Twenty or so years ago, I received the best piece of editing advice I’ve ever gotten:When in doubt, cut it out. I know, I know. It sounds simple, but those six humble words revolutionized how I work with and consider language. My professor was trying to drive home the point—that sometimes less is more when it comes to words and that the way to make a paragraph (or even an entire essay) more impactful is to remove every scrap of text that’s getting in the way.
The same, I think, can be true of our spiritual lives.

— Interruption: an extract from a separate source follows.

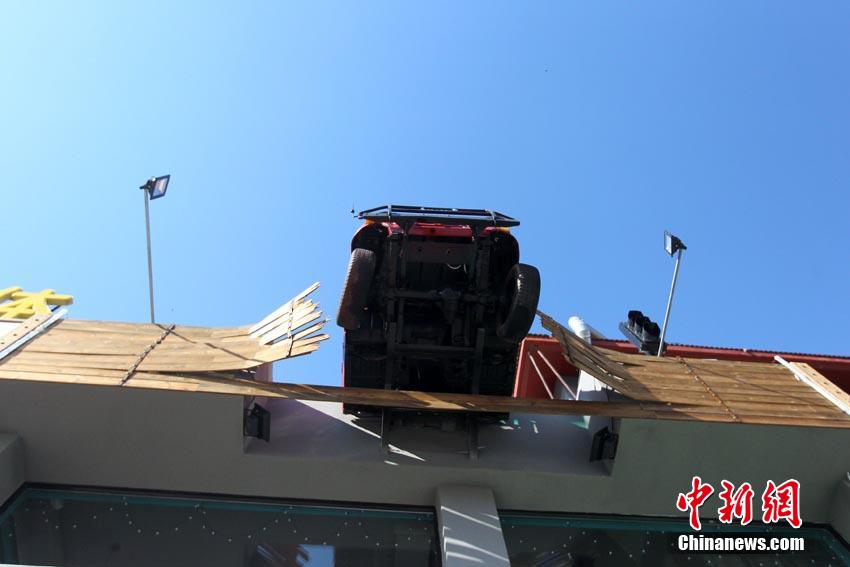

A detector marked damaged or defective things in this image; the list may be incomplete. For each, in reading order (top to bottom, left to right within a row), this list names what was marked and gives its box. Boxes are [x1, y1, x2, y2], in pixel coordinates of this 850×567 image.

exposed tire [336, 251, 376, 330]
overturned red jeep [336, 206, 540, 414]
exposed tire [494, 266, 540, 344]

In his classic work The Pursuit of God, A. W. Tozer says, “When religion has said its last word, there is little that we need other than God Himself. The evil habit of seeking God-and effectively prevents us from finding God in full revelation. In the and lies our great woe. If we omit the and we shall soon find God, and in Him we shall find that for which we have all our lives been secretly longing.”
There is no shortage of ands to choose from these days, many of them very good things: Bible studies, small groups, volunteering opportunities at church and in the community, conferences, committees, discussions of doctrine—the list is almost infinite. But Tozer is right—“in the and lies our great woe.”
I don’t know about you, but sometimes I leave church feeling more frazzled and burnt out than when I went in. Sundays with children are hectic enough, but my husband is often busy with deacon responsibilities that are thrown his way. Being president of the women’s council, I, too, am often distracted. The actual worship of God, what we are ostensibly there to do, can sometimes feel like an afterthought. And we don’t fare much better the other six days of the week, I’m sad to say.
“When religion has said its last word, there is little that we need other than God Himself.”
It’s hard to abide in God when we can’t manage to sit still for a few minutes to calm our minds. I know we can’t do away with all our church commitments, but there is wisdom in saying “no” to some things, in striking a balance between doing and being. After all, God isn’t grading us on how busy we are for Him.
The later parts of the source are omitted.